* **WHAT YOU HAVE TO DO**: Once you reach the line containing "Spanx Moto legging new with tag size medium" in the data below, restate each line word for word up to and including the one containing "The Good lansează".

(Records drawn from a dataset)
-- Opening Marker --

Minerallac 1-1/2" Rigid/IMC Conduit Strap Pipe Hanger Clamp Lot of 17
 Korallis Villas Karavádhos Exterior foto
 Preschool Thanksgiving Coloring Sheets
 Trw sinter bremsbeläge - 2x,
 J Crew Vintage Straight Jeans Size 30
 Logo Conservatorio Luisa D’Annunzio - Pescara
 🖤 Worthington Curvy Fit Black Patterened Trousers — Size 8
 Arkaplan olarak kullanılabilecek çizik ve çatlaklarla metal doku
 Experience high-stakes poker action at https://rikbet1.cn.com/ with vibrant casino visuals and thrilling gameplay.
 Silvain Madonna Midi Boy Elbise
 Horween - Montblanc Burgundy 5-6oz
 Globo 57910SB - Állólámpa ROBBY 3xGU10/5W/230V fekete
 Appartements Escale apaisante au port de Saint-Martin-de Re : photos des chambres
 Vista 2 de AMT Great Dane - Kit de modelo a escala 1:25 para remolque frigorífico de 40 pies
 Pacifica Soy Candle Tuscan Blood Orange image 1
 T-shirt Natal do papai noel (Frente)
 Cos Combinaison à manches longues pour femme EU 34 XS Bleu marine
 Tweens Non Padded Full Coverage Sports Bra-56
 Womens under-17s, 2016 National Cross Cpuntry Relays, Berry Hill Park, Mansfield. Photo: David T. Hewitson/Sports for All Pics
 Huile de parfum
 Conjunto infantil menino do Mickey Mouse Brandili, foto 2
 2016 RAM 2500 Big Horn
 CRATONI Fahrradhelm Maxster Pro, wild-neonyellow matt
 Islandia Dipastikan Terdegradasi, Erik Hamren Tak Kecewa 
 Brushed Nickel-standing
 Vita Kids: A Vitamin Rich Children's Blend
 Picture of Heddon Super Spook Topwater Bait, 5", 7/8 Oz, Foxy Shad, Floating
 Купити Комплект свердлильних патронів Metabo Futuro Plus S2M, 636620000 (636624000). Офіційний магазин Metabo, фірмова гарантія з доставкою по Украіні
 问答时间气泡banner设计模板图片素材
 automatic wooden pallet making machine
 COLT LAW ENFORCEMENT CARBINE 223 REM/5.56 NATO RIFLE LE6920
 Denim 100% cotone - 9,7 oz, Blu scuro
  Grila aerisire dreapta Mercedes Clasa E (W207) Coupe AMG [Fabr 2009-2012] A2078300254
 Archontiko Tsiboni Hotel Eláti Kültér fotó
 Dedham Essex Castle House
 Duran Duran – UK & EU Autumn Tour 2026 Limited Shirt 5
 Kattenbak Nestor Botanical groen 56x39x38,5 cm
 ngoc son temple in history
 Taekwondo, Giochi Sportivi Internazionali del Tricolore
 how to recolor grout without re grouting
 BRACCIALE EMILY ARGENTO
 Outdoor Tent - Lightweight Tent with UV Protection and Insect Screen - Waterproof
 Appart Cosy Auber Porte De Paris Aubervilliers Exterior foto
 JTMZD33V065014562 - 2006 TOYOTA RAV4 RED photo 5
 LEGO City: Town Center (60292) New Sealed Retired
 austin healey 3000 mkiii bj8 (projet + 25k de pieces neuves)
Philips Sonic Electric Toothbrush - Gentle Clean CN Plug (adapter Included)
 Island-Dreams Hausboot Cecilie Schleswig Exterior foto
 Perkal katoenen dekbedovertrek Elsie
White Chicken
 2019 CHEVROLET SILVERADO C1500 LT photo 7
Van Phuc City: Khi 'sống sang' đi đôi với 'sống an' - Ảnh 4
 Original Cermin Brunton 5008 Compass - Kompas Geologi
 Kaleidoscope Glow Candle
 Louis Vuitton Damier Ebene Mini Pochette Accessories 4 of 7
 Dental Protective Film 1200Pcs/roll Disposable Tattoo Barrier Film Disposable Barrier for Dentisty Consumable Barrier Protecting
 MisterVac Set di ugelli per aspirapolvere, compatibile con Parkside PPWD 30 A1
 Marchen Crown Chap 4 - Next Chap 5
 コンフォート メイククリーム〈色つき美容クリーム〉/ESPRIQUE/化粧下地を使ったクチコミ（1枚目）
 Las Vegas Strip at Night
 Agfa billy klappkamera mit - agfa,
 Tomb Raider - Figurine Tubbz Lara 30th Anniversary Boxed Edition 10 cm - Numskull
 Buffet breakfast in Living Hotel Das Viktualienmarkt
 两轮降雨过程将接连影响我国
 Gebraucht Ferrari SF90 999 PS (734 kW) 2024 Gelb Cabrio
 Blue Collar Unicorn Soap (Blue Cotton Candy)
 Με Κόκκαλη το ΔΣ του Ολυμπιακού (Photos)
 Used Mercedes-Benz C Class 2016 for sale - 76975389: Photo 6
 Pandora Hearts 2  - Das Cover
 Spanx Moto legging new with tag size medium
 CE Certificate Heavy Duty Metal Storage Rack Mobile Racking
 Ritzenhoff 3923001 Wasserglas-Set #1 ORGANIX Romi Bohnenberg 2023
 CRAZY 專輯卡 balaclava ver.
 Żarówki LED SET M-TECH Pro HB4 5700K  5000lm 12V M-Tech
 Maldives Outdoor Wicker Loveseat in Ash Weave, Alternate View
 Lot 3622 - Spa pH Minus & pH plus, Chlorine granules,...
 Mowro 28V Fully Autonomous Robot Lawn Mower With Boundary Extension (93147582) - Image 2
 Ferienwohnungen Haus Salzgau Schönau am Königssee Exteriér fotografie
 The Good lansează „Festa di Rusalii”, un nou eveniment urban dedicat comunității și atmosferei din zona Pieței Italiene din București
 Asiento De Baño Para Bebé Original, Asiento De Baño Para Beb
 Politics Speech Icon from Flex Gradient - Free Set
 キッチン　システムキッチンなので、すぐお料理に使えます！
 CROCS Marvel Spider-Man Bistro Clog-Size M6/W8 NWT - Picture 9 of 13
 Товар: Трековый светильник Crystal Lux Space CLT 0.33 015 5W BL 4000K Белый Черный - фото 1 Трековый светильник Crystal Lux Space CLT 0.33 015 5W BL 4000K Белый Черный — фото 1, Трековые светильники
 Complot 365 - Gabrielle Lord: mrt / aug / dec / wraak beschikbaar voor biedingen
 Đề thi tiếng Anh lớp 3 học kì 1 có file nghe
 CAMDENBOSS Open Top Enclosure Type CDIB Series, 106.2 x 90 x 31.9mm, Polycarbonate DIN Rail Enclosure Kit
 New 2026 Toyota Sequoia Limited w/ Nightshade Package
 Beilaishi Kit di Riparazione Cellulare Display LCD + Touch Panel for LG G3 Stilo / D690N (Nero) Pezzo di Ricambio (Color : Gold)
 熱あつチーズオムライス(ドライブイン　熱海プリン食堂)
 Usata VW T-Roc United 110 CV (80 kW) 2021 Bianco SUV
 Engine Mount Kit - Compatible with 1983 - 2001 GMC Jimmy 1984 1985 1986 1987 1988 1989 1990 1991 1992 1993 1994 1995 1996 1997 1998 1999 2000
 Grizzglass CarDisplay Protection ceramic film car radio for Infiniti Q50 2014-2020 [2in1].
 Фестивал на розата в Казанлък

-- Closing Marker --

* **ANSWER BELOW**:
 Spanx Moto legging new with tag size medium
 CE Certificate Heavy Duty Metal Storage Rack Mobile Racking
 Ritzenhoff 3923001 Wasserglas-Set #1 ORGANIX Romi Bohnenberg 2023
 CRAZY 專輯卡 balaclava ver.
 Żarówki LED SET M-TECH Pro HB4 5700K  5000lm 12V M-Tech
 Maldives Outdoor Wicker Loveseat in Ash Weave, Alternate View
 Lot 3622 - Spa pH Minus & pH plus, Chlorine granules,...
 Mowro 28V Fully Autonomous Robot Lawn Mower With Boundary Extension (93147582) - Image 2
 Ferienwohnungen Haus Salzgau Schönau am Königssee Exteriér fotografie
 The Good lansează „Festa di Rusalii”, un nou eveniment urban dedicat comunității și atmosferei din zona Pieței Italiene din București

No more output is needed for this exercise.